I'm having an extremely hard time figuring out how to prove this, would you have to start from one side of the proof and move to the other or prove with induction?
For any $n\in\mathbb{N}$, prove that the cartesian product $A^n = A\times,\dotsc,\times A$ ($n$ times) is countably infinite if $A$ is countably infinite.

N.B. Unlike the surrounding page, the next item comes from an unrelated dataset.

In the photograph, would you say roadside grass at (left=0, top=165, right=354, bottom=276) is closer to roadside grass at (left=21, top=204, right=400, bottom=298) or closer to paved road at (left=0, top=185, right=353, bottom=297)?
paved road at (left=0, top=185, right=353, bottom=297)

Thanks so much for the help!
You want to show that $A$ countable $\implies A^n$ countable. If $A$ is countable there is $f : A \to \mathbb N$ injective. We can create a new injection $g : A^n \to \mathbb N^n$ for any $n$, defined $$(a_1, a_2, \dots, a_n) \mapsto (f(a_1), f(a_2), \dots, f(a_n)).$$ To show $A^n$ countable it will suffice to find an injection $h : \mathbb N^n \to \mathbb N$; then the composition $h \circ g$ will give the desired map $A^n \to \mathbb N$.
The famous injective example $\mathbb N \times \mathbb N \to \mathbb N$ is sometimes called the Cantor pairing function. Rather than duplicating the explanation here I'd refer you to this Math Stack Exchange thread and this Wikipedia article. The idea is to represent $\mathbb N \times \mathbb N$ as a grid, and count the elements, starting at $(0,0)$ and weaving along. (This is the basis for showing $\mathbb Q$ and $\mathbb N$ are of the same cardinality.)
Now, if $k : \mathbb N\times \mathbb N \to \mathbb N$ is our injection, consider $\hat k : (\mathbb N \times \mathbb N) \times \mathbb N \to \mathbb N$ defined $((n,m),l) \mapsto k(k(n,m),l)$. The argument extends inductively.
Your question is basically asking if the equality $|\Bbb N|^n=|\Bbb N|$ holds.
This is true, using the lemma below we have that
$$|\Bbb N^{n+1}|=|\Bbb N^{n}\times\Bbb N|=|\Bbb N^n|\cdot |\Bbb N|=|\Bbb N|\cdot|\Bbb N|=|\Bbb N|_\square$$
Lemma. $|\Bbb N\times \Bbb N|=|\Bbb N|$
Let $f:\Bbb N \to \Bbb N^2, x\mapsto (x,0)$. This is injective, thus $|\Bbb N|\le |\Bbb N^2|$.
Let $g:\Bbb N^2 \to \Bbb N, (x,y)\mapsto 2^x3^y$, if this is injective, we're done, is it?